Aklındaki fikirlere üşümeyi veya neden üşümediğini soracak vaktin yok. Acele adımlar atıyorsun. Arnavut kaldırımın gevşemiş taşlarından üzerine sular sıçrıyor. Aldırmıyorsun. Yanından geçen araba beline kadar ıslatıyor. Oralı bile olmuyorsun. Bir şey düşünüyorsun, bir şey var aklında, ama amacını sen de kavrayamıyorsun. Ya da amacını bile düşünmüyorsun.

Minibüs kim bilir kaç dakika gidiyor. Derin bir uykudan uyanır gibi irkiliyorsun. Şoför tam durağı geçecekken uyarı düğmesine basıyorsun. Şoför la havle çekiyor, fark etmeden iniyorsun. Durağın önündeki su birikintisine basıyorsun. Ne tesadüf, onu da fark etmiyorsun. Pergel gibi bacaklarını açarak yürümeye başlıyorsun. Önüne gelene çarpıp özür dilemeden geçiyorsun. Çünkü çarptığını da fark etmiyorsun. Bu soğukta küçük bir darbe bile ne kadar acı verir biliyorsun. Ama çarptığını bilmediğin için insanların acısını hissedemiyorsun. Aklında öyle bir şey var ki, ondan başka bir şey düşünemiyorsun.

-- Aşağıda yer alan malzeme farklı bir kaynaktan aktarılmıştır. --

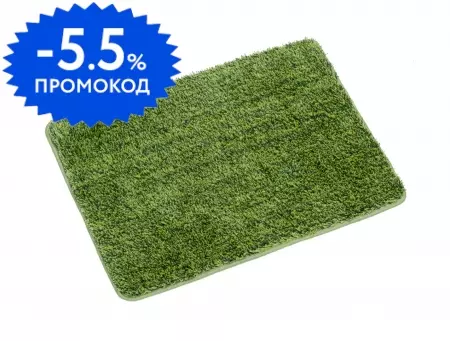 

Коврик для ванной «Fixsen» Amadeo FX-3001F 70/50 резина, полиэстер зелёный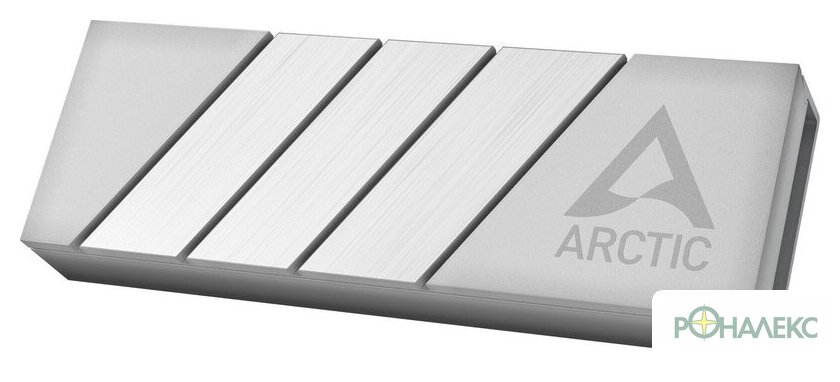 Радиатор для SSD Arctic M2 Pro (серебристый) - фото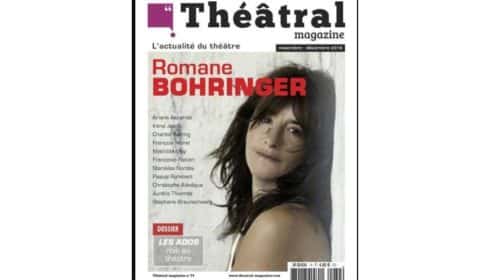 Abonnement à Théâtral Magazine pas cher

Sonunda önündesin. Hayata yeniden dönüyorsun.Artık o aklını kurcalayan, seni başka bir şey düşünmekten alıkoyan, içinde derin sızılar yaratan o hissi, o pisliği bırakabilirsin. Parayı ödüyorsun. Turnikeden geçip tuvaletin kapısını kapatıyorsun.